Data under study section start

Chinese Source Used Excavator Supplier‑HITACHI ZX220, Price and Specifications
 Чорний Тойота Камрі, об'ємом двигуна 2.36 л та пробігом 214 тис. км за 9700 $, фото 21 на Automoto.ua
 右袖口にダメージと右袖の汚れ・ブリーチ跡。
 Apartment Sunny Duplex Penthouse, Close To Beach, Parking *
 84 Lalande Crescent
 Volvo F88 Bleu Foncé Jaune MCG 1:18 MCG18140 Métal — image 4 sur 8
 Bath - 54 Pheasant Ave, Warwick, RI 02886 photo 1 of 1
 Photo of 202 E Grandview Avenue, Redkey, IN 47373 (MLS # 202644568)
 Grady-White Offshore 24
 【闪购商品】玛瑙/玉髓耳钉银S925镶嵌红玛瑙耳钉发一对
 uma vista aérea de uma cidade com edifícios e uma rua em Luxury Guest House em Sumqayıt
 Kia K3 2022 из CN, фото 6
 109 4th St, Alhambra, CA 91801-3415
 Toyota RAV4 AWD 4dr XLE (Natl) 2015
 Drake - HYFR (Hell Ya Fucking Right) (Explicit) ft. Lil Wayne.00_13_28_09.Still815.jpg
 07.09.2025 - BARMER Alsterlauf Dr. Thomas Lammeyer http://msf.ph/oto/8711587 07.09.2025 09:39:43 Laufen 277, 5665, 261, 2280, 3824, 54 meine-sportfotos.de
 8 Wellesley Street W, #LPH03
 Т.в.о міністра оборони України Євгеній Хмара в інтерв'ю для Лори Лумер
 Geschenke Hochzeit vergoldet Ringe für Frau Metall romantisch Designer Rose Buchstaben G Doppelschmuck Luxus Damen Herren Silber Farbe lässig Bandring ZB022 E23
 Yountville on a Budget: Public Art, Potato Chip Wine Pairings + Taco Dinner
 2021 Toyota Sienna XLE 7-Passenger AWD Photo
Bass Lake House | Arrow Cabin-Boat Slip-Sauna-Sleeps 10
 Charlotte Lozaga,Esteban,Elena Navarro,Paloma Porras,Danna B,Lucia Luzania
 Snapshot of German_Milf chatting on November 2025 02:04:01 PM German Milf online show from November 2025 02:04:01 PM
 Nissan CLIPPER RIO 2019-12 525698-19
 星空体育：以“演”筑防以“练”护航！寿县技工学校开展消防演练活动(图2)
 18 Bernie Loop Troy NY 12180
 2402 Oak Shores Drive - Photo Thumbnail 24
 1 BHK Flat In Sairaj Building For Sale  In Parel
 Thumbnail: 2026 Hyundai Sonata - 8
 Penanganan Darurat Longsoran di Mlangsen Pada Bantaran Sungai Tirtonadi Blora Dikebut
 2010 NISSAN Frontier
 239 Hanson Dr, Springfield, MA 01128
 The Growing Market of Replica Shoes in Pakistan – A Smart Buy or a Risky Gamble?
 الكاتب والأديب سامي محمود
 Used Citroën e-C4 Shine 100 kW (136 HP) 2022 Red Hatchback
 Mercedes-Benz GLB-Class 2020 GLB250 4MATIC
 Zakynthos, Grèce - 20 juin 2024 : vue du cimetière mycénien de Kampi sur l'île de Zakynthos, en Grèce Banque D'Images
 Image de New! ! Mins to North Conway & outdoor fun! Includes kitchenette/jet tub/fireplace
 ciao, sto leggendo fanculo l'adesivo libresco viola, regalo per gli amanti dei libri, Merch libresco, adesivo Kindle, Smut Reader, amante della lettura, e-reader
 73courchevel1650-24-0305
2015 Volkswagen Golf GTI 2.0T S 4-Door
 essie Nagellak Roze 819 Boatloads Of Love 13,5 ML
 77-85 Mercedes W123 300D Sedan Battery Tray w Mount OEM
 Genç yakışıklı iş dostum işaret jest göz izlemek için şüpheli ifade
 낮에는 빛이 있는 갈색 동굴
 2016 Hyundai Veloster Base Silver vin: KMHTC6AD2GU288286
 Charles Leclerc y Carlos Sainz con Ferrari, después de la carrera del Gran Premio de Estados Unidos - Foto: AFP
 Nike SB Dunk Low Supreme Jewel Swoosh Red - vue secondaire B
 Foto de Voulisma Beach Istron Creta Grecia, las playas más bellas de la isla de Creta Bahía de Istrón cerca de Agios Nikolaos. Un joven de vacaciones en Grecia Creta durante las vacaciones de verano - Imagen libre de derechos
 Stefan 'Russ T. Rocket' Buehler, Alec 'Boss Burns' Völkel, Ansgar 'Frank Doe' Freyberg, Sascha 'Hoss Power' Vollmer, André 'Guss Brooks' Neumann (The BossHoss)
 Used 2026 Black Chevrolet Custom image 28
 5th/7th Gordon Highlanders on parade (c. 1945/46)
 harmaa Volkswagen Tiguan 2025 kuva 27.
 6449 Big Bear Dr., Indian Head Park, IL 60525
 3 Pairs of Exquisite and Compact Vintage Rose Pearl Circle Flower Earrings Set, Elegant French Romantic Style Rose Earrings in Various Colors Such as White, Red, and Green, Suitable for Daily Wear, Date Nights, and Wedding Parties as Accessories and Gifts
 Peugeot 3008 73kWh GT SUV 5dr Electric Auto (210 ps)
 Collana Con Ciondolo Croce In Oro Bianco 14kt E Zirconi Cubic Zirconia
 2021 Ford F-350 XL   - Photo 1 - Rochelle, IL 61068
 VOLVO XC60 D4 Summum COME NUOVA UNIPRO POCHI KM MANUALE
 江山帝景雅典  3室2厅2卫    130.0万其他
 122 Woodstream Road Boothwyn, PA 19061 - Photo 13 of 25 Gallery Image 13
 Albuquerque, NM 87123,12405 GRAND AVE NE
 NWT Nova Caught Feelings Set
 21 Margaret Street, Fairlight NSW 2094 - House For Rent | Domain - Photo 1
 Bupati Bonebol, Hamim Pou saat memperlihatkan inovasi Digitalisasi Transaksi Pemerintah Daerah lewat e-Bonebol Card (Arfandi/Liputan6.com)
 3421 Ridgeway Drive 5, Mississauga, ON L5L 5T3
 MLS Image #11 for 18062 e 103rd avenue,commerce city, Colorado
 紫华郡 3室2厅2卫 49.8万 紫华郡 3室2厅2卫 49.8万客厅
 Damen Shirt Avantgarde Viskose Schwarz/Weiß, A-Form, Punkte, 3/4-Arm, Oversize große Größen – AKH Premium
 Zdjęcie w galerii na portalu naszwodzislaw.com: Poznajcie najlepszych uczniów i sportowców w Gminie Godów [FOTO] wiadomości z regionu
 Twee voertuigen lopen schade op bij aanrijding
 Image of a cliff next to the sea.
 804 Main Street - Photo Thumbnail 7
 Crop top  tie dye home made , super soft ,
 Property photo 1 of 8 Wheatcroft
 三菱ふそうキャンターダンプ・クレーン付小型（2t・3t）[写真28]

Data under study section end

In the entries above, tally the lines containing the word "Rose" and return only the tally.

■ **Result for this task**: 2